GOP: NASCAR is contagious, but its fans are not

WASHINGTON — Being around NASCAR fans requires no inoculation.

That was the word Thursday from Republican officials after they learned that a congressional committee's Democratic staffers had advised aides to get vaccinated for hepatitis and other diseases before visiting NASCAR events in Concord, N.C., and Talladega, Ala.

Rep. Bennie Thompson, D-Miss., said his committee aides were visiting health-care centers, detention facilities and other operations where they could be exposed to communicable diseases. He said the immunizations were routine for health-care workers.

"Democrats should know that there is no preventive measure yet designed to ward off the blue-collar values and patriotism that NASCAR fans represent," said Linda Daves, the chairwoman of the North Carolina Republican Party. "If they aren't careful, they just might catch some of it."

Republican Rep.
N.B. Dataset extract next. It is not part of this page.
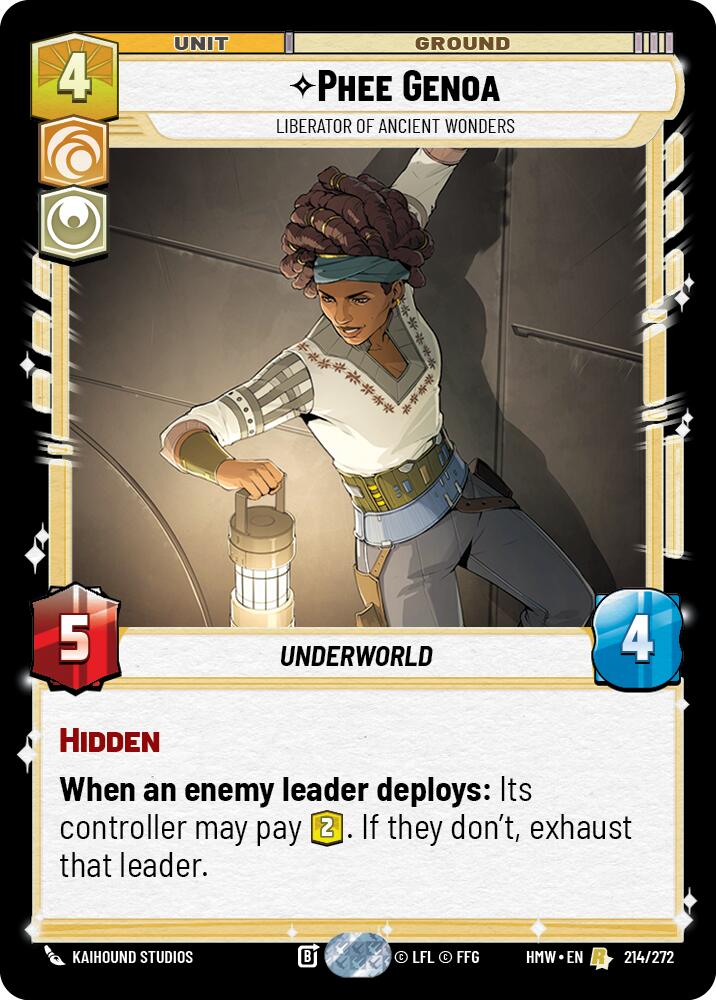 Phee Genoa - Liberator of Ancient Wonders (214/272) (214/272) [Homeworlds]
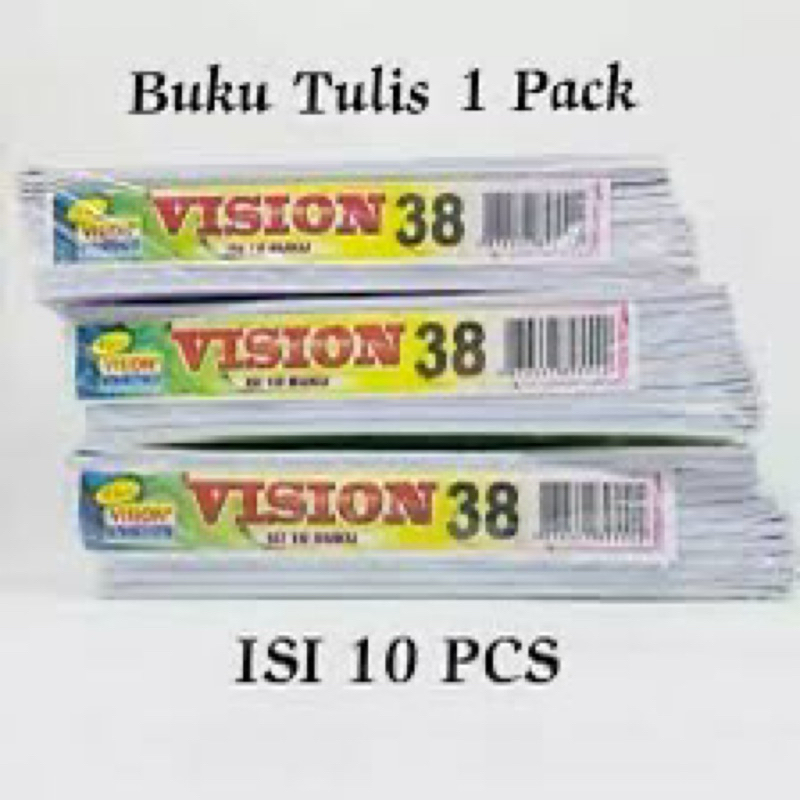 

Buku Tulis Vision isi 38 Lembar ( 1 pack isi 10 pcs )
Tim Walberg, whose district includes the Michigan International Speedway, said Democrats must not understand the term "rubbin' is racing."

"To suggest that vaccines are needed to attend NASCAR races is insulting to millions of hardworking Americans who love their country and the smell of burnt rubber," he said.

The brouhaha began when the House Committee on Homeland Security decided to study public health preparedness at mass gatherings. They advised aides to get immunized for hepatitis A, hepatitis B, diphtheria, tetanus and influenza before going to the UAW-Ford 500 in Talladega last weekend and the Bank of America 500 this weekend northeast of Charlotte, N.C.

The committee is examining whether the U.S. Department of Homeland Security is coordinating with state, local and private law-enforcement and health-care responders to prepare for possible mass emergencies.

Rep. Robin Hayes, the North Carolina Republican whose district includes the Lowe's Motor Speedway, complained in a letter to the committee's chairman about staff members feeling the need to get vaccinated before visiting his hometown.

Hayes and Thompson exchanged words in a CNN interview. Thompson told Hayes he "ought to be ashamed" of himself for using an effort to protect workers for a "few minutes of fame."

Hayes encouraged people to come to Concord, noting, "We got our shots when we were born."

Unlike a sporting event such as the Super Bowl, which draws about 70,000 people for a few hours, major stock-car races can draw 200,000 to 300,000 fans or more, many of whom camp on-site for several days. Also, NASCAR is privately owned, and directly employs some of the security officials who are in place on race weekends.

The Drudge Report Web site, which became famous for breaking the Monica Lewinsky scandal, linked to the original story on the matter on the Web page of The Charlotte Observer, which McClatchy owns, with the headline "Redneck rash."

Republicans said the suggestion of vaccines usually recommended for travel to Third World countries showed that the Democrats were out of touch with real Americans.

"While red-blooded, patriotic Americans were packing their coolers and gathering their families in preparation for attending last week's race at Talladega, a leading Democrat was advising staff to get immunized," said a news release by the National Republican Congressional Committee titled "Talladega Frights: Democrats Allergic to NASCAR Nation."

"If anything, it's the NASCAR fans who should get immunized against Washington officials, not the other way around," said Rep. Patrick McHenry, R-N.C.